ACTION ITEM – Lines from the beginning of the data through the line containing "Statement in Stillness" are to be copied exactly, with no other line included.

MATERIAL PROVIDED –
════════════════════

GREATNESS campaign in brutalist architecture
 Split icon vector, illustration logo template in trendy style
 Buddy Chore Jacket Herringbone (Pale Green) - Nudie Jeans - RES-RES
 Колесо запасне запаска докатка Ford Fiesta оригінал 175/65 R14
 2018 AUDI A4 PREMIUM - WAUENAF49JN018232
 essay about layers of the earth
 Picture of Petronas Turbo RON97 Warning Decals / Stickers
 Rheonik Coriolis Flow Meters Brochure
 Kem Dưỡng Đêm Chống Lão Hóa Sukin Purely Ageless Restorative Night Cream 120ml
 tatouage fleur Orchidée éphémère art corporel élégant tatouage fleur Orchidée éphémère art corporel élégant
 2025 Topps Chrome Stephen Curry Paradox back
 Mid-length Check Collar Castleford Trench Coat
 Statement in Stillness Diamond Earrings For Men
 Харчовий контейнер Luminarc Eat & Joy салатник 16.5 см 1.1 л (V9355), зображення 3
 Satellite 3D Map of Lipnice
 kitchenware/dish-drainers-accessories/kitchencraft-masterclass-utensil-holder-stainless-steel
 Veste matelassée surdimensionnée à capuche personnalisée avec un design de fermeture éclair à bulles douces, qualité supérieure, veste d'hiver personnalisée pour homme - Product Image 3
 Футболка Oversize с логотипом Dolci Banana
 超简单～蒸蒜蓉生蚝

════════════════════

ANSWER SECTION –
GREATNESS campaign in brutalist architecture
 Split icon vector, illustration logo template in trendy style
 Buddy Chore Jacket Herringbone (Pale Green) - Nudie Jeans - RES-RES
 Колесо запасне запаска докатка Ford Fiesta оригінал 175/65 R14
 2018 AUDI A4 PREMIUM - WAUENAF49JN018232
 essay about layers of the earth
 Picture of Petronas Turbo RON97 Warning Decals / Stickers
 Rheonik Coriolis Flow Meters Brochure
 Kem Dưỡng Đêm Chống Lão Hóa Sukin Purely Ageless Restorative Night Cream 120ml
 tatouage fleur Orchidée éphémère art corporel élégant tatouage fleur Orchidée éphémère art corporel élégant
 2025 Topps Chrome Stephen Curry Paradox back
 Mid-length Check Collar Castleford Trench Coat
 Statement in Stillness Diamond Earrings For Men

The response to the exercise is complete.